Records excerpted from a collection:

--- START ---

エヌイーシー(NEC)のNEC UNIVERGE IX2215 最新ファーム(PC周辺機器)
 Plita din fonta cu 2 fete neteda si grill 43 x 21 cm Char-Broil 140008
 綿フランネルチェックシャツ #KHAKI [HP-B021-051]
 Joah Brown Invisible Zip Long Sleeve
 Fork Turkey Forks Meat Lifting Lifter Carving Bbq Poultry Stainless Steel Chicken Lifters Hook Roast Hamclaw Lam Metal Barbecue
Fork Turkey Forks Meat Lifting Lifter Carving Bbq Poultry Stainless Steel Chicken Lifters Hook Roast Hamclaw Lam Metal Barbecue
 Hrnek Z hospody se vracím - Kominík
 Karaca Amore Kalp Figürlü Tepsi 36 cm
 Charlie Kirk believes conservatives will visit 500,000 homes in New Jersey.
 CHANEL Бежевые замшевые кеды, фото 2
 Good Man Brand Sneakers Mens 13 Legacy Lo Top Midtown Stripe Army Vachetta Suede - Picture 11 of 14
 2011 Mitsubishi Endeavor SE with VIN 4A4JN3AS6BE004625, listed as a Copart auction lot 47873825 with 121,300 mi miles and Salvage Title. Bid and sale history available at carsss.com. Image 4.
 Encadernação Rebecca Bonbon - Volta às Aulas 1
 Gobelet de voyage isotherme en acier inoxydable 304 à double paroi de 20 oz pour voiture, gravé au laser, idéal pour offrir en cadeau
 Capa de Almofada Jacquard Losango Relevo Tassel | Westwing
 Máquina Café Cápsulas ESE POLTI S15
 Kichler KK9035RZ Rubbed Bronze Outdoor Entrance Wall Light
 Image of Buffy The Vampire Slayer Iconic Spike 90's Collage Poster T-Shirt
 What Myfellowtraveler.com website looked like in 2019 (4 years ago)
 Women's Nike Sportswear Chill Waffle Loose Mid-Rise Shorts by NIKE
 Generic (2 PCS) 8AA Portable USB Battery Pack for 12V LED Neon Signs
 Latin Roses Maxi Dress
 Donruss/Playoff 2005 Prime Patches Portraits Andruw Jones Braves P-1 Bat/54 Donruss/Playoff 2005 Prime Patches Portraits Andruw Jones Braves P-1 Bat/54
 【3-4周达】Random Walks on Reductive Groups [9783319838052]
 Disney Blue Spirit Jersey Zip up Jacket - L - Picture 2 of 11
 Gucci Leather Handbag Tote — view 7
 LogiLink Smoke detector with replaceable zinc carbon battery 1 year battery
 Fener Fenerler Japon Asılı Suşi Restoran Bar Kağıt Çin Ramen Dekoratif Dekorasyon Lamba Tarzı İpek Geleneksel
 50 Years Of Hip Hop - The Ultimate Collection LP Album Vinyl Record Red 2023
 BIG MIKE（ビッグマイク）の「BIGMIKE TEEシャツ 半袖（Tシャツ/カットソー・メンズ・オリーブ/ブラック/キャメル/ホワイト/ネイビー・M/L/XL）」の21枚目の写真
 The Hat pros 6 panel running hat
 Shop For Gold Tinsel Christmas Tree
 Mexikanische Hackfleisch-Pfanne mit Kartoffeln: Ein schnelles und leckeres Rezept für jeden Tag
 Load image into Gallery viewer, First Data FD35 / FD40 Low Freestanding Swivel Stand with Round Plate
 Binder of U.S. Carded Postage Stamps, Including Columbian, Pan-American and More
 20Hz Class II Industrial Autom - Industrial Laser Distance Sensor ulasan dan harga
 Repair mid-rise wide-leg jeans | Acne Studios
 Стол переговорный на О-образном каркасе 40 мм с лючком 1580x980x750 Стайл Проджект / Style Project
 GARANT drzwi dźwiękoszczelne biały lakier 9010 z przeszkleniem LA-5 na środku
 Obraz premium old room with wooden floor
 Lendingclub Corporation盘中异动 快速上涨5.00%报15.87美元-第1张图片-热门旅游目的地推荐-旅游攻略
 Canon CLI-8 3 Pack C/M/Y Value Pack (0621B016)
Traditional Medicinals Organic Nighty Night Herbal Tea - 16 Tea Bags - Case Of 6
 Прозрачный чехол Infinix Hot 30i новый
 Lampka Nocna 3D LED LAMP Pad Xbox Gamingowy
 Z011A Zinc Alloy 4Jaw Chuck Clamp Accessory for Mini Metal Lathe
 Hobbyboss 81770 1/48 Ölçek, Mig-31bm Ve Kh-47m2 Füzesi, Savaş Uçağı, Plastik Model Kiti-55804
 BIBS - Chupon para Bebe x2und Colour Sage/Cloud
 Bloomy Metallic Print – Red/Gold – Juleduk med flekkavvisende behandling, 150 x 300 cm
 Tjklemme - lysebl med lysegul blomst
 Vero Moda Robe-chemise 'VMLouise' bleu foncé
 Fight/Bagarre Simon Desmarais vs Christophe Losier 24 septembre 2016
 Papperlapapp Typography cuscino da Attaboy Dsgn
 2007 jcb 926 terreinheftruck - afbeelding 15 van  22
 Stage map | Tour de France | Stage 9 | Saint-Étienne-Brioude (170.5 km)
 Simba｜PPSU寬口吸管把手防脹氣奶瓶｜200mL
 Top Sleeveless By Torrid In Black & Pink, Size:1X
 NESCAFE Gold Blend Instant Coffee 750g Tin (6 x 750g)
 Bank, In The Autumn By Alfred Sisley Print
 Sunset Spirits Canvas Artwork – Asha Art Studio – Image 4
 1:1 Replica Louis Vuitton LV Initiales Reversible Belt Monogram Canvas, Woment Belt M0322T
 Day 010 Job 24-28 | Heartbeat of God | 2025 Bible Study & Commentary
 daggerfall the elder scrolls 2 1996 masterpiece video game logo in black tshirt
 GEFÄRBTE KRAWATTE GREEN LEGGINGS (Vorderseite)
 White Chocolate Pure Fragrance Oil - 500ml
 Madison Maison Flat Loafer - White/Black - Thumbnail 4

--- END ---

**Assignment**
Copy only the entries from the first line to the line with "Joah Brown Invisible Zip Long Sleeve", each exactly as it appears.

**Answer box**
エヌイーシー(NEC)のNEC UNIVERGE IX2215 最新ファーム(PC周辺機器)
 Plita din fonta cu 2 fete neteda si grill 43 x 21 cm Char-Broil 140008
 綿フランネルチェックシャツ #KHAKI [HP-B021-051]
 Joah Brown Invisible Zip Long Sleeve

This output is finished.